EXERCISE GOAL. Below is a listing with pictures. Repeat exactly the lines starting at the one holding "NEW MESSAGE FROM" and going on through the one holding "Land Rover Discovery IV - 2", and leave every picture out.
(GIVEN DATA Opens)
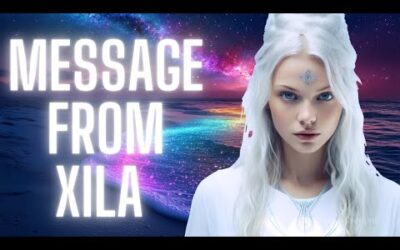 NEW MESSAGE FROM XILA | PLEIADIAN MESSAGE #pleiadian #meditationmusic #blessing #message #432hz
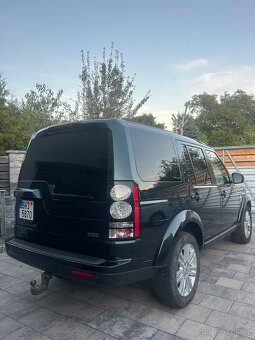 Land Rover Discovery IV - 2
(GIVEN DATA Closes)
(GIVEN DATA Opens)
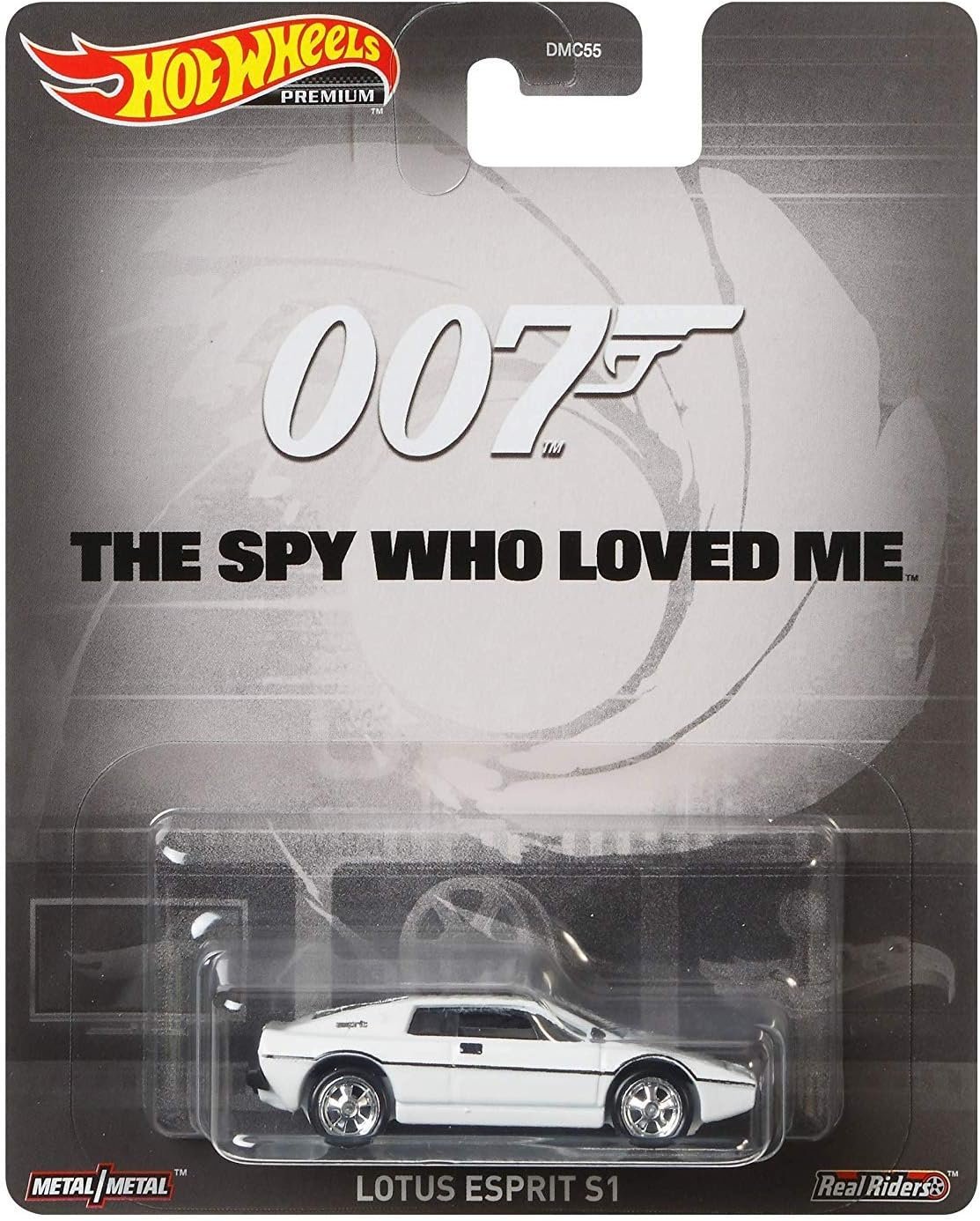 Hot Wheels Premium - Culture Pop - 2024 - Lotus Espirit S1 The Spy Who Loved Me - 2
(GIVEN DATA Closes)
(GIVEN DATA Opens)
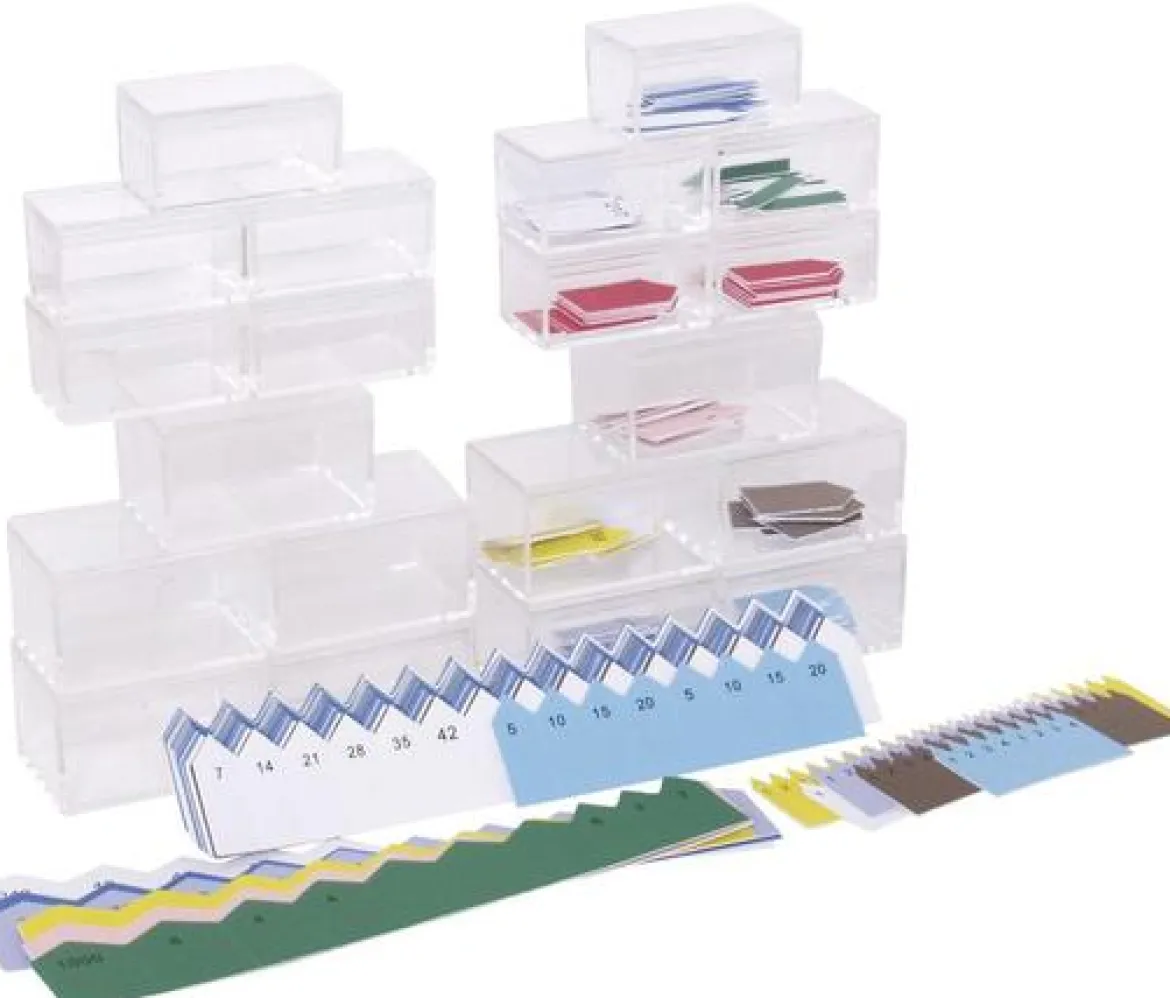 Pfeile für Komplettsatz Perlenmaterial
(GIVEN DATA Closes)
OUTPUT FOR THIS TASK.
 NEW MESSAGE FROM XILA | PLEIADIAN MESSAGE #pleiadian #meditationmusic #blessing #message #432hz
 Land Rover Discovery IV - 2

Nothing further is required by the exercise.